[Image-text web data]

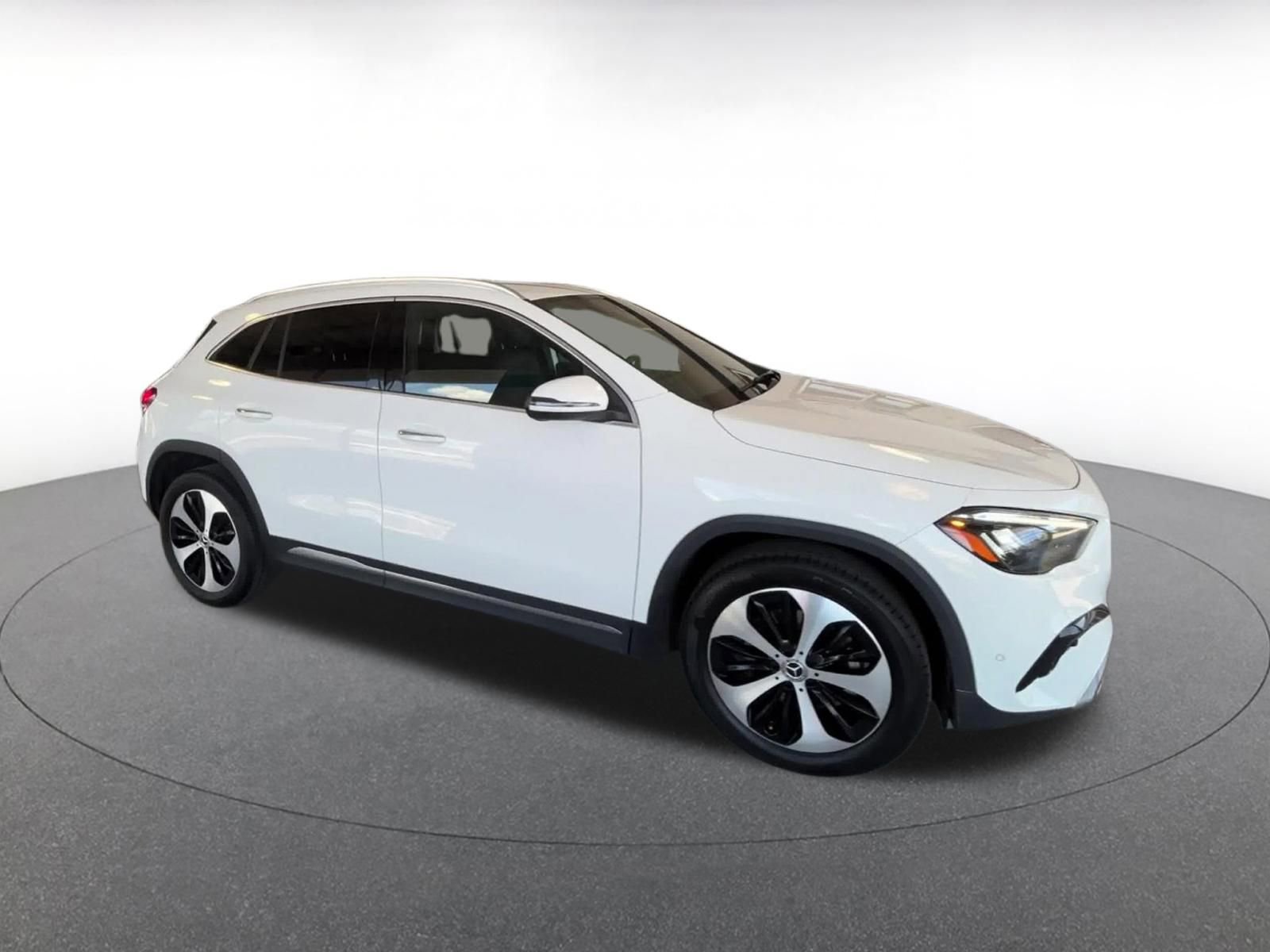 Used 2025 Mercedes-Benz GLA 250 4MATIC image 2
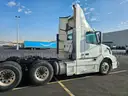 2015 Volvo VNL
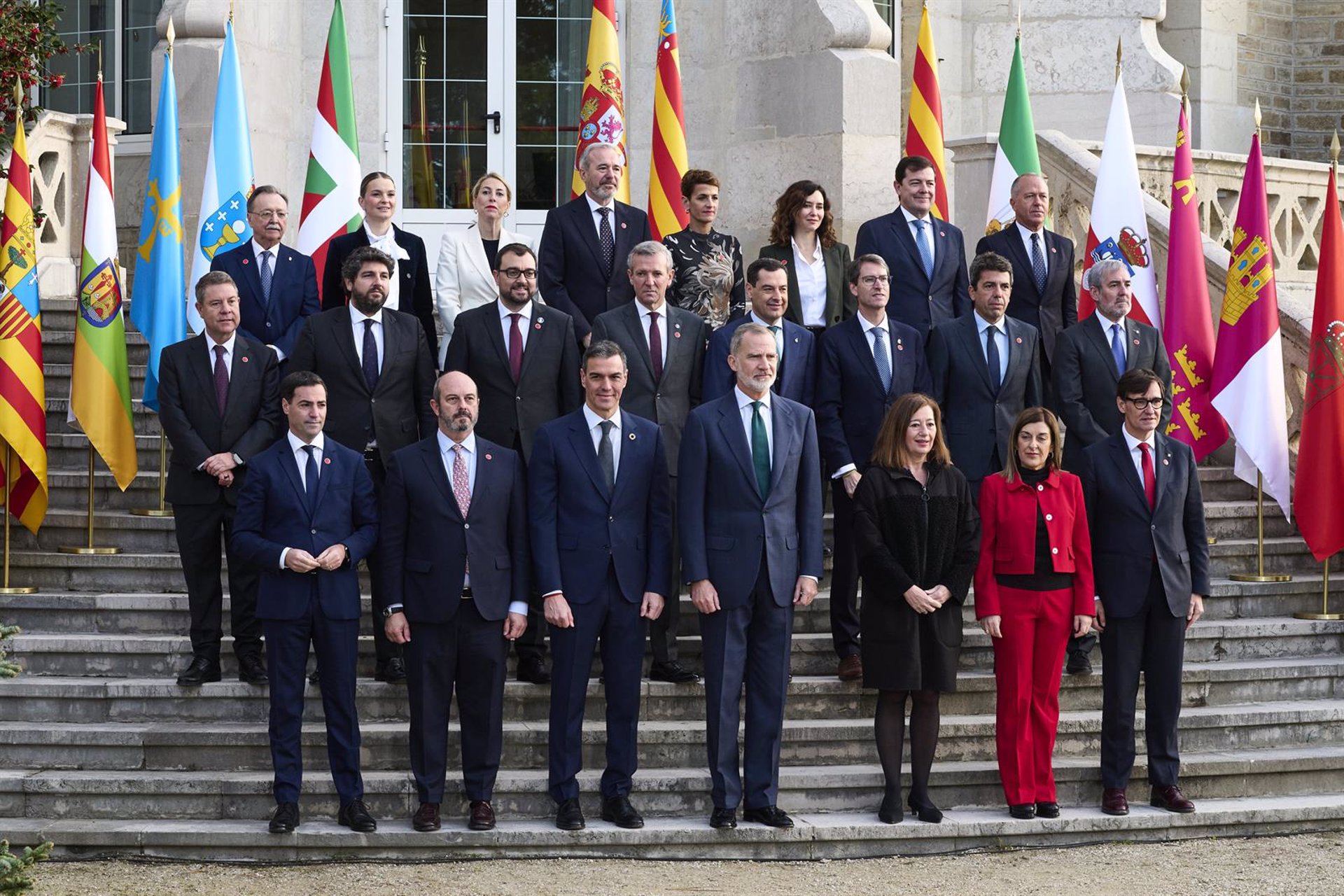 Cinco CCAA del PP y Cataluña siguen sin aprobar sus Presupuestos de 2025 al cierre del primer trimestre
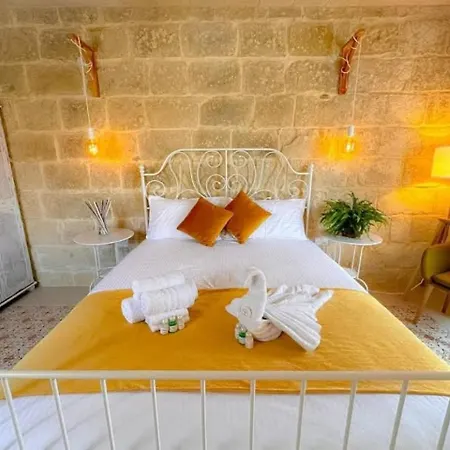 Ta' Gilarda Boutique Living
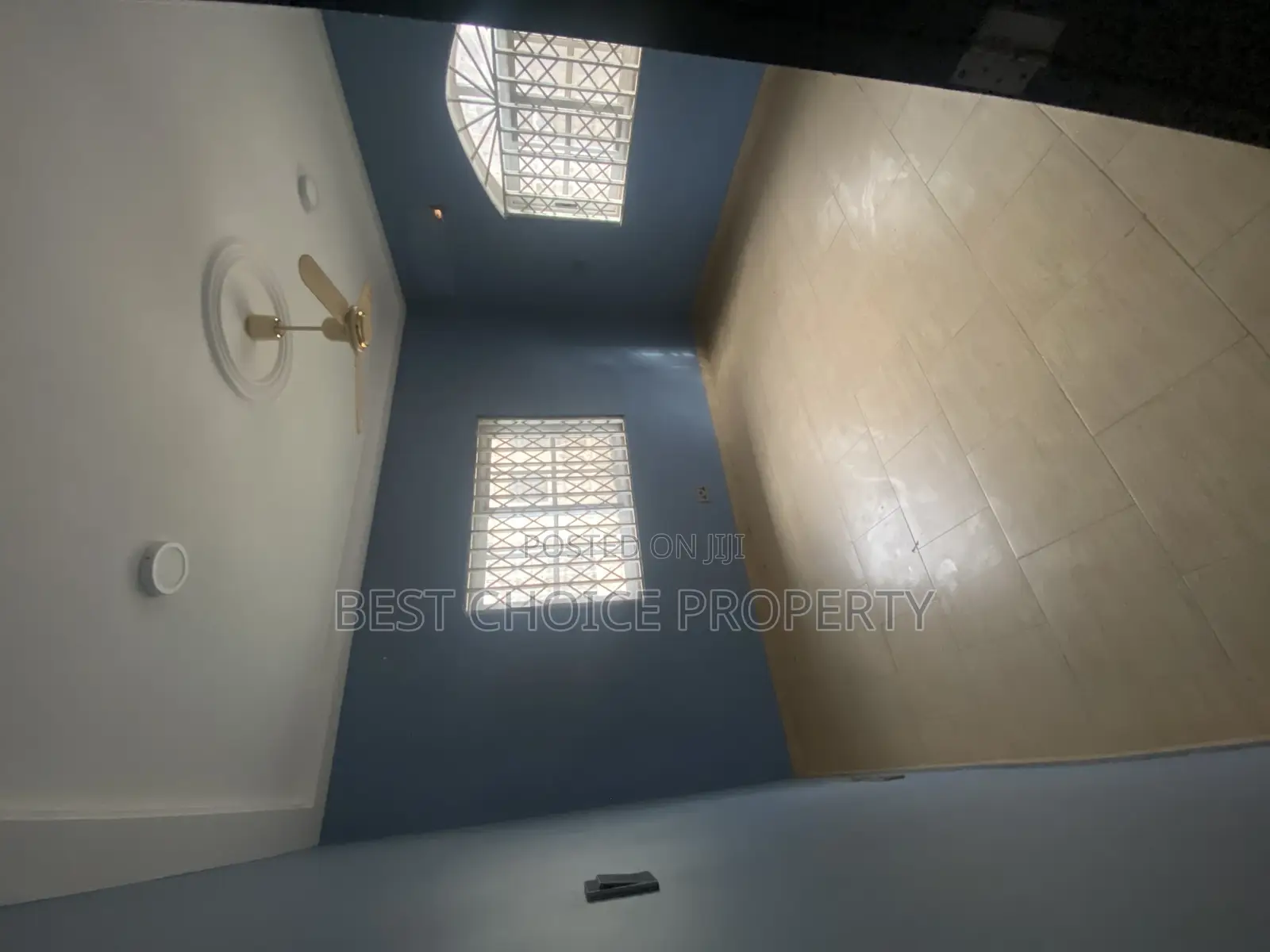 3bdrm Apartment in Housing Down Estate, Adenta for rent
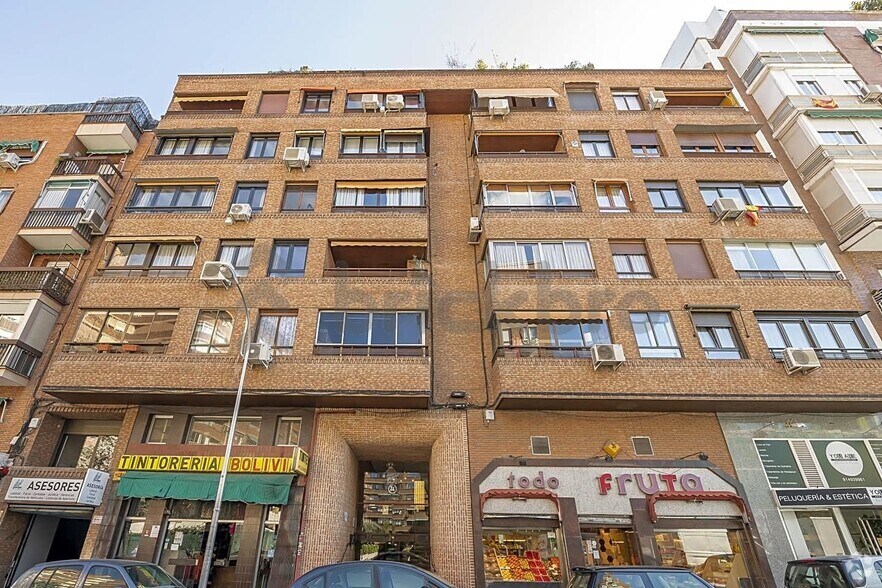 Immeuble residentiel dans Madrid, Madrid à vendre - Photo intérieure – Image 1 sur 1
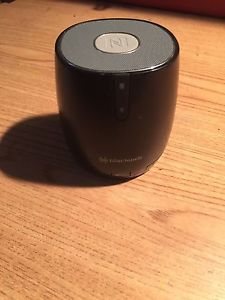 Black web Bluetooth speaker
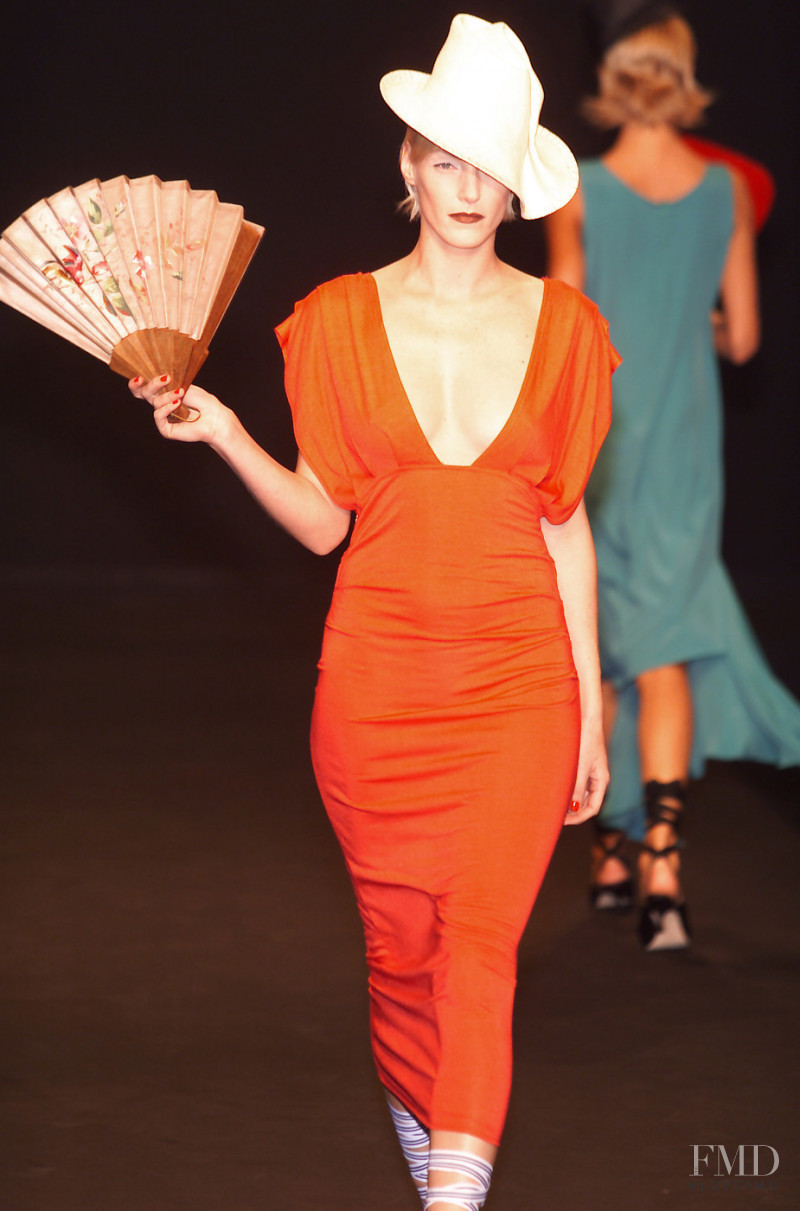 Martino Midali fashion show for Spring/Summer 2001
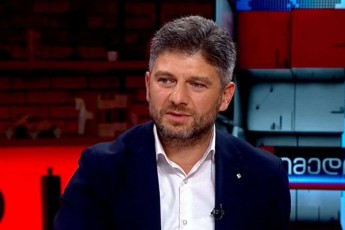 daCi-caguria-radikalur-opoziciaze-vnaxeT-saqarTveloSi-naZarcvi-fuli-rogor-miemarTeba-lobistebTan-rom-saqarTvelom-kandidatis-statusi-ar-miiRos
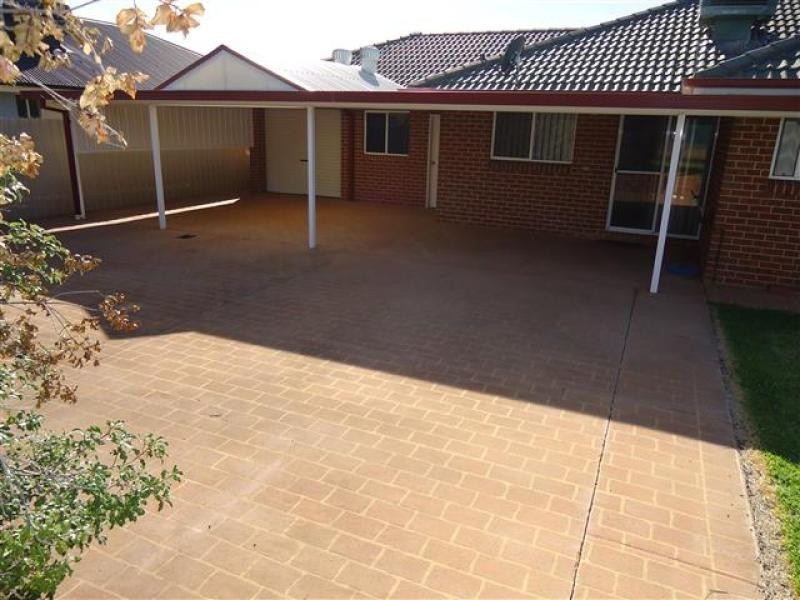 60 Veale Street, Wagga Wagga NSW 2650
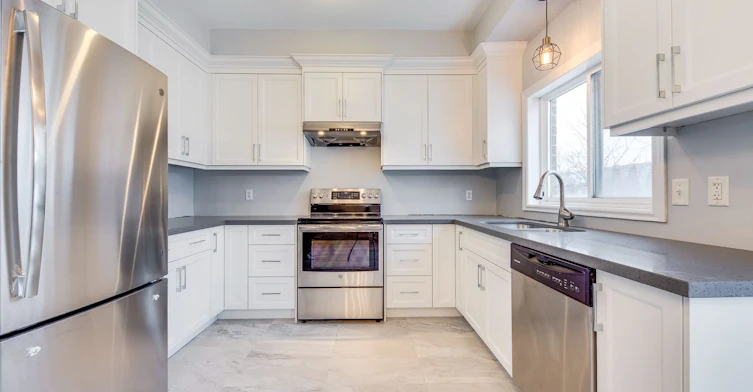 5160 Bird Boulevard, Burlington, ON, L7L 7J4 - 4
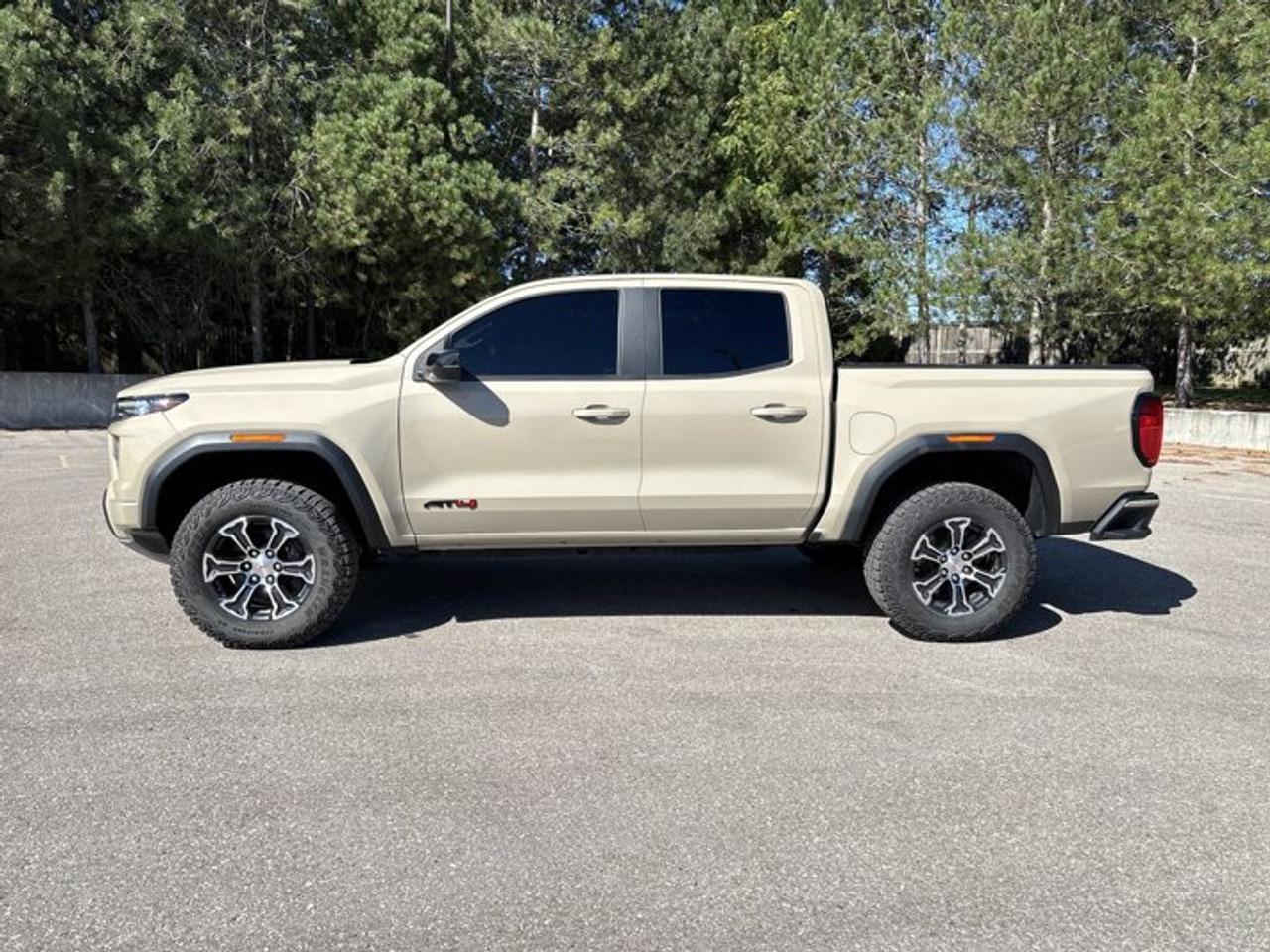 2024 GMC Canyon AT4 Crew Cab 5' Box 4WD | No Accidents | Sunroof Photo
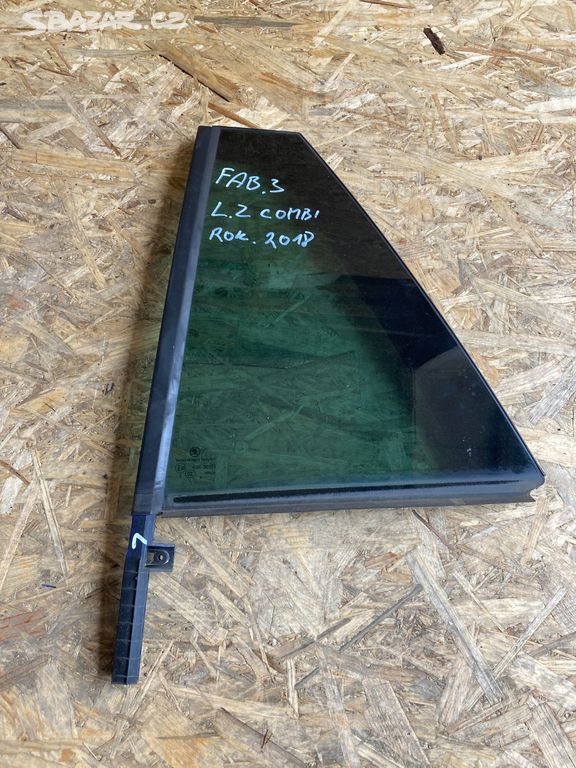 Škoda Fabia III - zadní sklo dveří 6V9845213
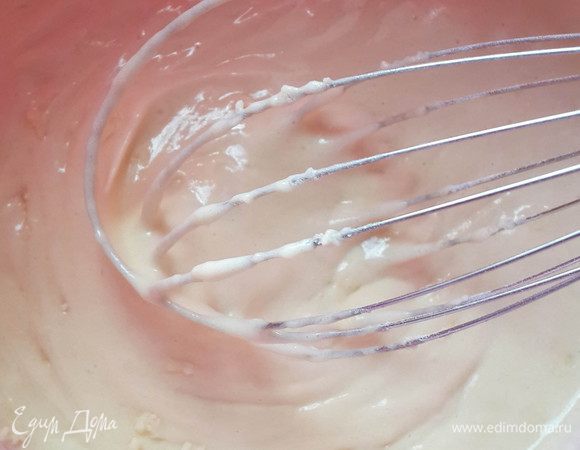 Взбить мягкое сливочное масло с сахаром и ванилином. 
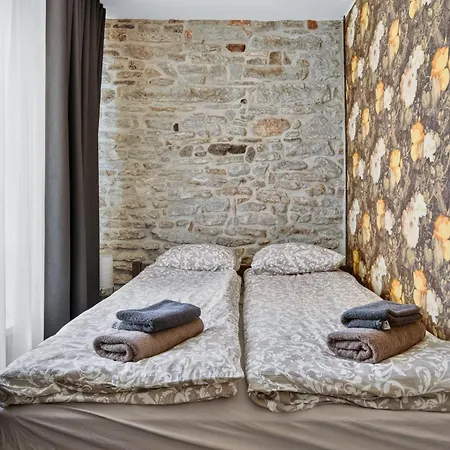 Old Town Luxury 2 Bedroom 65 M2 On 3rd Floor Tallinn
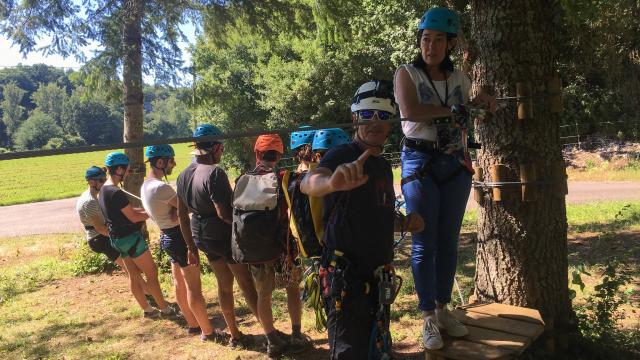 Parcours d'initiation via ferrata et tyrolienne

▶ [Try it]:
Omit the pictures and write out the remaining data exactly.

▶ [Expected output]:
 Used 2025 Mercedes-Benz GLA 250 4MATIC image 2
 2015 Volvo VNL
 Cinco CCAA del PP y Cataluña siguen sin aprobar sus Presupuestos de 2025 al cierre del primer trimestre
 Ta' Gilarda Boutique Living
 3bdrm Apartment in Housing Down Estate, Adenta for rent
 Immeuble residentiel dans Madrid, Madrid à vendre - Photo intérieure – Image 1 sur 1
 Black web Bluetooth speaker
 Martino Midali fashion show for Spring/Summer 2001
 daCi-caguria-radikalur-opoziciaze-vnaxeT-saqarTveloSi-naZarcvi-fuli-rogor-miemarTeba-lobistebTan-rom-saqarTvelom-kandidatis-statusi-ar-miiRos
 60 Veale Street, Wagga Wagga NSW 2650
 5160 Bird Boulevard, Burlington, ON, L7L 7J4 - 4
 2024 GMC Canyon AT4 Crew Cab 5' Box 4WD | No Accidents | Sunroof Photo
 Škoda Fabia III - zadní sklo dveří 6V9845213
 Взбить мягкое сливочное масло с сахаром и ванилином. 
 Old Town Luxury 2 Bedroom 65 M2 On 3rd Floor Tallinn
 Parcours d'initiation via ferrata et tyrolienne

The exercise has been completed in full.